Scalar A = Dot( ray.direction, ray.direction );
Scalar B = 2.0 * Dot( ray.origin – capsule.A, ray.direction );
Scalar C = Dot( ray.origin – capsule.A, ray.origin – capsule.A) –
(capsule.radius)^2

These are our coefficients for the quadratic formula, we solve for both values of
t . One will be our first intersection time along the ray, the other the second
intersection time (sphere contains a possible two intersections ).

Using our found time t, we store our relevant information into an Intersection
structure for future reference (point of intersection, time of intersection, normal,
material).

This is done for both the Base and Top sphere of our capsule. By now we should
have two Intersection structures filled with relevant information (containing
either intersections or NO intersections).

Intersection with the cylinder follows and requires a bit more comprehensive
knowledge of 3 D math :

First we must use the information we have to construct relevant vectors to solve
the parametric equation created by plugging the ray into the cylinder equation:

Vector AO = ray.origin – capsule.A
Vector BO = ray.origin – capsule.B

Vector AB = capsule.B – capsule.A
Vector AOxAB = AO x AB
Vector VxAB = ray.direction x AB

Now we may find our coefficients for the quadratic formula:

A = Dot( VxAB, VxAB )
B = 2.0 * Dot( VxAB, AOxAB )
C = Dot( AOxAB, AOxAB ) – Dot( AB, AB ) * (capsule.radius*capsule.radius)

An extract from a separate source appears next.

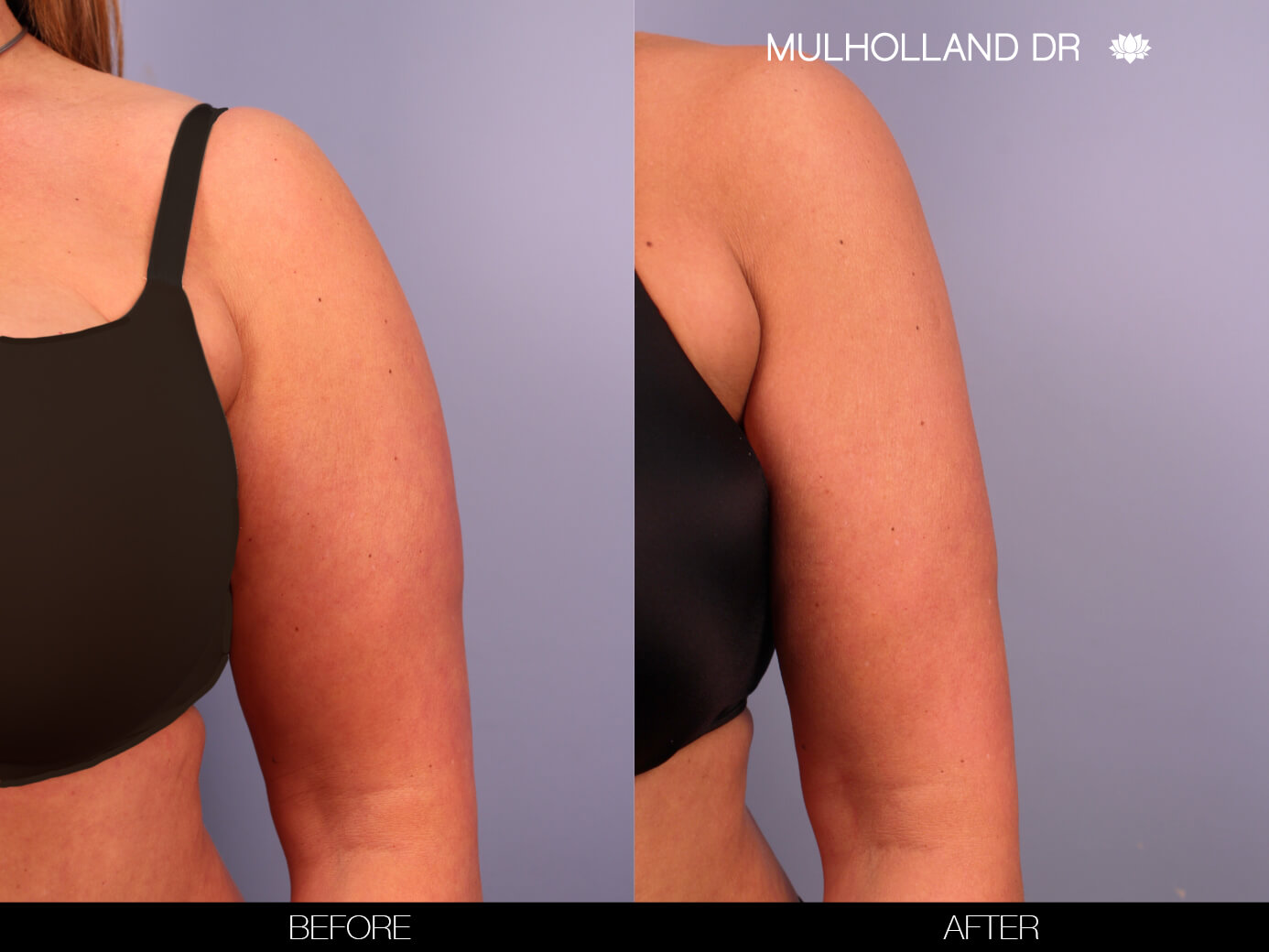 Arm Lift - Before and After Gallery – Photo 4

Solve the quadratic for our two times, t.

De termining which t to use is trivial and is the same as any intersection test, and
now we have a filled out Intersection struct for the cylinder.

But wait! There is one last trick to intersecting with our cylinder. That is we’ve
only solved for an intersection with an infinite cylinder defined by the axis AB.
We need our spheres to be the ends and not to draw the rest of the infinite
cylinder! These checks are trivial and require that we know our intersection
point before storing.

Vector intersection.pt = ray.origin + ray.direction * t

Our intersection point on the cylinder is only valid if between our Base and Top
sphere positions (endpoints of the cylinder). To check that our point is ‘above’
our base:

If Dot( intersection.pt – capsule.A, AB ) > 0

And to check that our point is ‘below’ our top:

If Dot( intersection.pt – capsule.B, AB ) < 0

Trivial!!

Calculating the Normal

The normal of the end cap intersections is trivial (sphere normal):

ANormal = intersection.pt – capsule.A
BNormal = intersection.pt – capsule.B

To calculate the correct normal for the cylinder we must find, using 3D math, the
point along the cylinder axis that gives us:

Vector axisvec = intersection.pt – normal

First we project our Base to intersection point vector onto our cylinder’s axis:

Scalar proj = Dot( intersection.pt – capsule.A, AB )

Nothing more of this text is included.